## EXERCISE OBJECTIVE
Please give, exactly as they appear below, the line with "Adıyaman’da ağaç keserken" and every line after it through the final one, and nothing else.

((

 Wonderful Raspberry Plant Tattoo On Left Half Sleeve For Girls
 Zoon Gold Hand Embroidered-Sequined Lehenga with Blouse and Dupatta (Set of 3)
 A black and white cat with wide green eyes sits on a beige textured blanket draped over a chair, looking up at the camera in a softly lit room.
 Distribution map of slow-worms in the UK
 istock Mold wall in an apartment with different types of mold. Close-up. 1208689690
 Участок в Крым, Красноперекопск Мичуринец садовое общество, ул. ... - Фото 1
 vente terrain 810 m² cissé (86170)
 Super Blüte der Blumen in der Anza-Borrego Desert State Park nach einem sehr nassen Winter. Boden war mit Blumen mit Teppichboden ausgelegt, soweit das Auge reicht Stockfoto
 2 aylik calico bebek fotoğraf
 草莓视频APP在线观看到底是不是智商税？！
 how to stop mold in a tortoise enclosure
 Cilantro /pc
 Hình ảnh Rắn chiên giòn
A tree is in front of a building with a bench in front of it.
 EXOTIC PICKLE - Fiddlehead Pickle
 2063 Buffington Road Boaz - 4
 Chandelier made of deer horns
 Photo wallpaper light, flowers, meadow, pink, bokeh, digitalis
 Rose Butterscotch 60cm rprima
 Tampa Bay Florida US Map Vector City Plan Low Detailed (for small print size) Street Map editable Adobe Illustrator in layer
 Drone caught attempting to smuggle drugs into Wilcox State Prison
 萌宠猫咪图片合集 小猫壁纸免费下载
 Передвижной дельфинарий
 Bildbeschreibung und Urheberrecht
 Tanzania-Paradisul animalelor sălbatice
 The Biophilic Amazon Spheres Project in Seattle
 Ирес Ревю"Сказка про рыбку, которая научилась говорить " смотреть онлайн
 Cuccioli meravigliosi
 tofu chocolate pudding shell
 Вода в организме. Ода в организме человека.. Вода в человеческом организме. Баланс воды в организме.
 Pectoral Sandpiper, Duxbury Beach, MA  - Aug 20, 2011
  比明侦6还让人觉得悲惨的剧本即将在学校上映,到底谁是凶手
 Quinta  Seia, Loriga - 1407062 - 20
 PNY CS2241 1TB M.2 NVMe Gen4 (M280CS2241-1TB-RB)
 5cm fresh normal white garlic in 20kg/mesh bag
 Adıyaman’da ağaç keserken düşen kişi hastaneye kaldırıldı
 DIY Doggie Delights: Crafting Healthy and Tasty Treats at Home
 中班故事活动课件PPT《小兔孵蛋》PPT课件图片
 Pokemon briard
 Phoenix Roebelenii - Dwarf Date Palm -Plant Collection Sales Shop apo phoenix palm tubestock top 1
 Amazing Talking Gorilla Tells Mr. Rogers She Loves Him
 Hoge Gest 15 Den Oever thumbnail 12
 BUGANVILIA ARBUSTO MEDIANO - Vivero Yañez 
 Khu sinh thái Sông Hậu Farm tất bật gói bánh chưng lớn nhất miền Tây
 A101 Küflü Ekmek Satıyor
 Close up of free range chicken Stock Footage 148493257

))

## EXERCISE RESULT
 Adıyaman’da ağaç keserken düşen kişi hastaneye kaldırıldı
 DIY Doggie Delights: Crafting Healthy and Tasty Treats at Home
 中班故事活动课件PPT《小兔孵蛋》PPT课件图片
 Pokemon briard
 Phoenix Roebelenii - Dwarf Date Palm -Plant Collection Sales Shop apo phoenix palm tubestock top 1
 Amazing Talking Gorilla Tells Mr. Rogers She Loves Him
 Hoge Gest 15 Den Oever thumbnail 12
 BUGANVILIA ARBUSTO MEDIANO - Vivero Yañez 
 Khu sinh thái Sông Hậu Farm tất bật gói bánh chưng lớn nhất miền Tây
 A101 Küflü Ekmek Satıyor
 Close up of free range chicken Stock Footage 148493257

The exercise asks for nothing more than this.